Final Answer:
The solution to the Poisson Problem −DΔu=f(x,y,z);(x,y,z)∈Ω, u(x,y,z)=g(x,y,z);(x,y,z)∈∂Ω, is unique in the bounded 3-dimensional volume Ω by applying the Maximum Principle.
Step-by-step explanation:
To establish the uniqueness of the solution, we employ the Maximum Principle. Suppose there exist two solutions, u₁ and u₂, both satisfying the given Poisson Problem. Define their difference as v = u₁ - u₂. Since both u₁ and u₂ satisfy the same boundary conditions, v vanishes on ∂Ω. Now, consider the interior of Ω.

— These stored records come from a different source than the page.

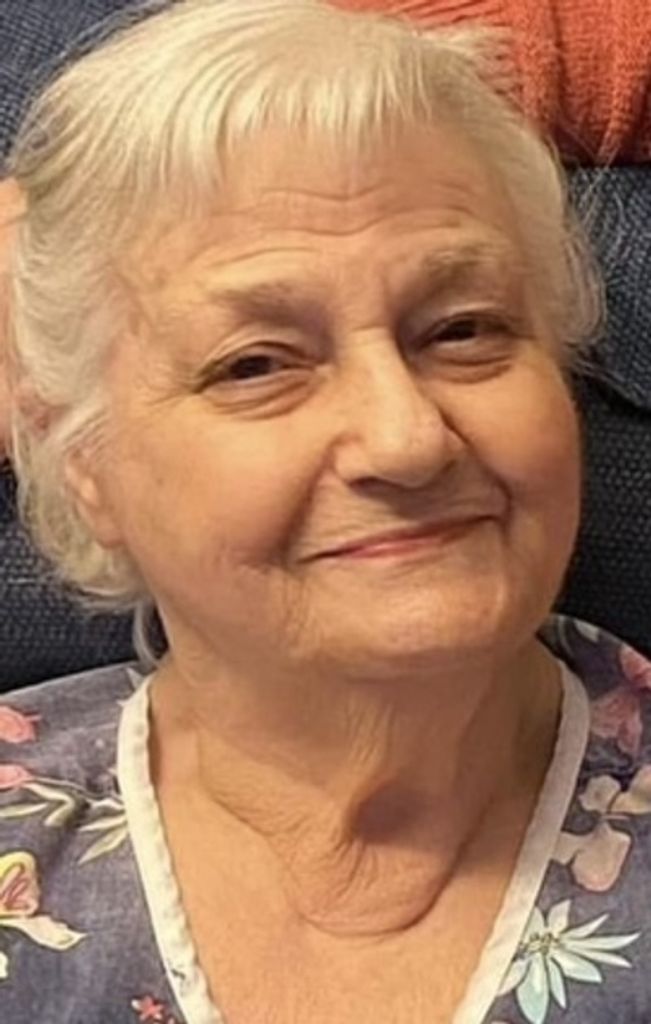 Bernice Rebecca Payne Profile Photo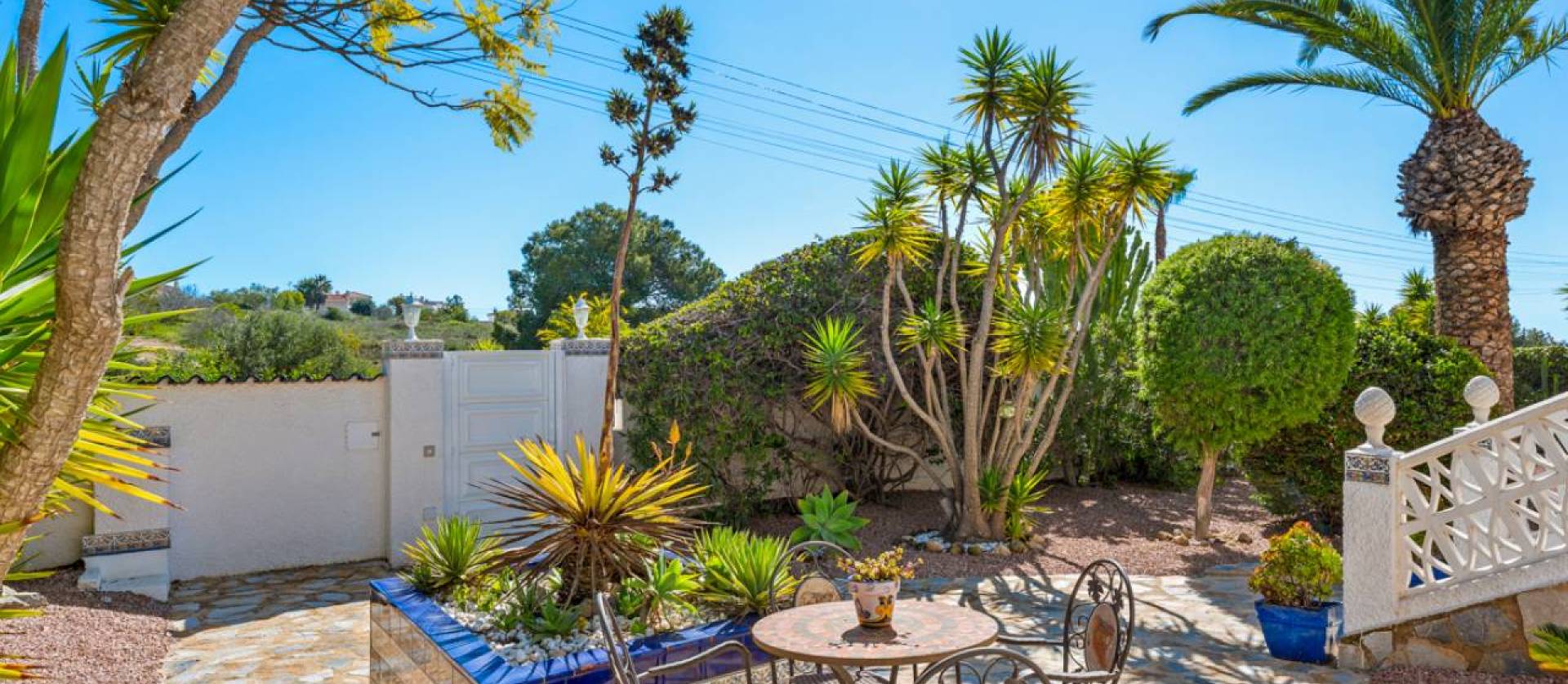 Sale - Villa - Ciudad Quesada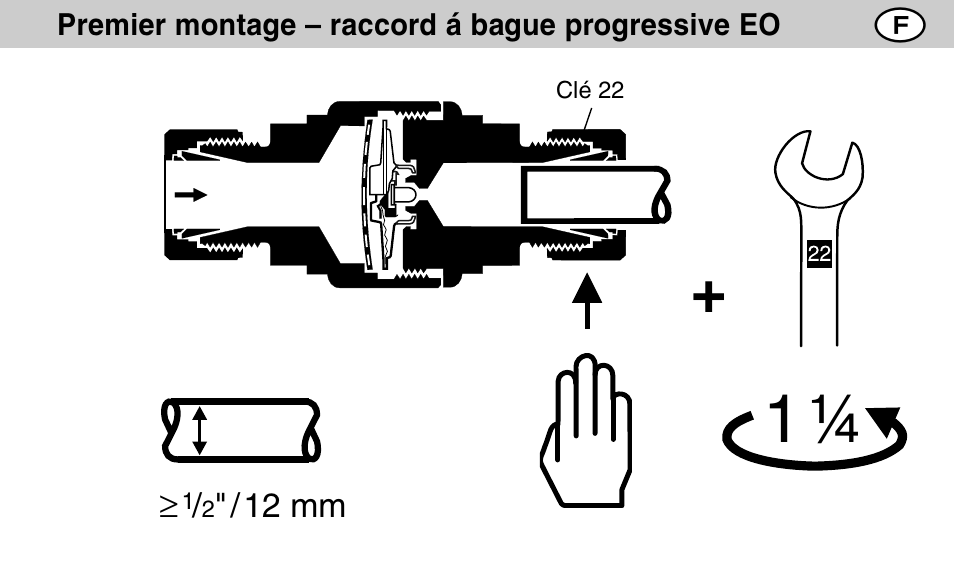 Flowserve MK 36/51 User Manual | Page 33 / 64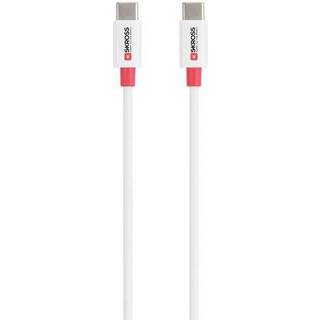 SKROSS USB-C to USB-C Cable - 15 cm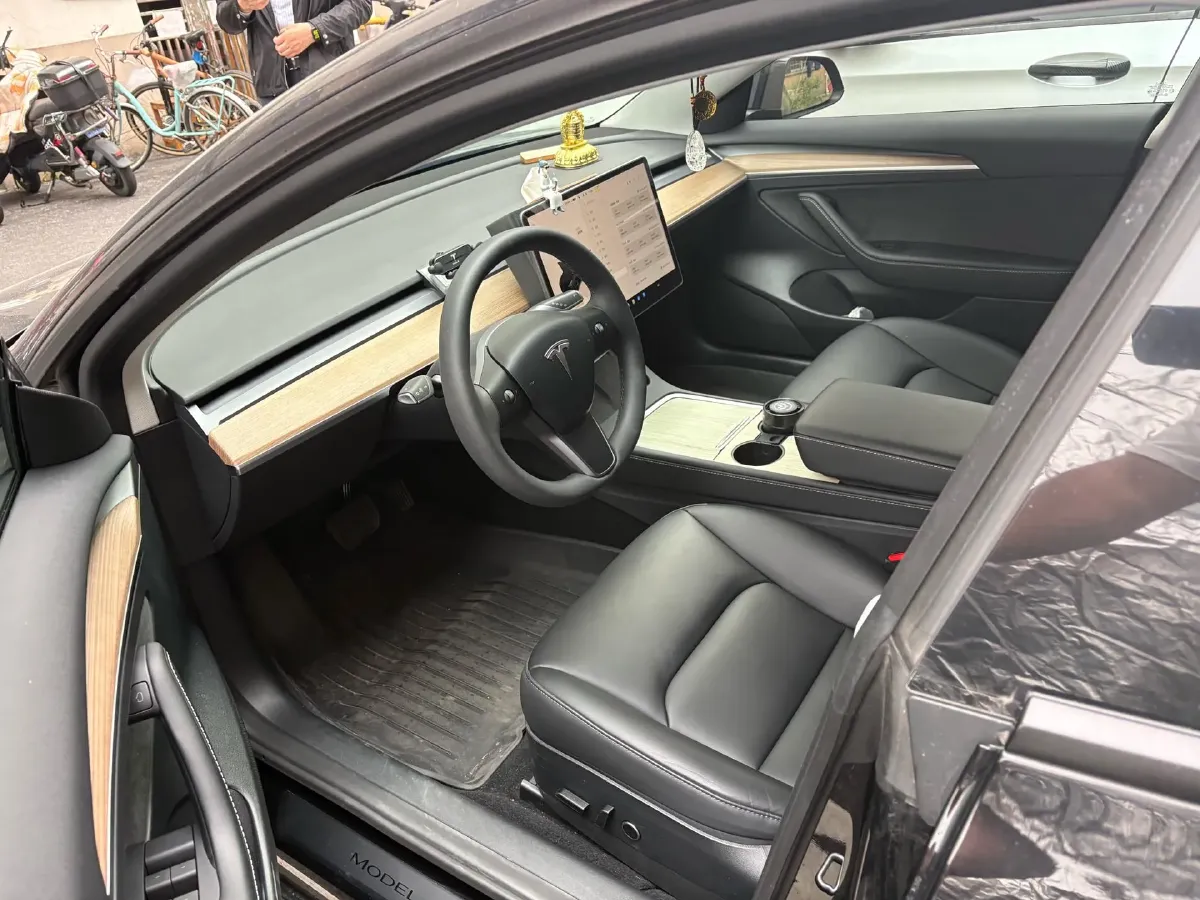 2022 Tesla Model 3 BEV 60KWH,autocango,china used car exporter,china ev exporter,chinese used car exporter,chinese used ev exporter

The Maximum Principle states that if v attains a maximum or minimum in the interior of Ω, then it must be constant throughout Ω. Assume, for contradiction, that v attains a non-zero maximum at some point (x₀, y₀, z₀) in Ω.
This leads to a contradiction because Δv = Δ(u₁ - u₂) = Δu₁ - Δu₂ = f - f = 0 in Ω. Since v is non-constant and Δv = 0, the Maximum Principle implies that v must attain its maximum at the boundary ∂Ω. However, on ∂Ω, v = 0. Thus, the assumption that v has a non-zero maximum in the interior is false.
By a similar argument, we can show that v cannot have a non-zero minimum in the interior. Therefore, v must be identically zero throughout Ω, establishing the uniqueness of the solution.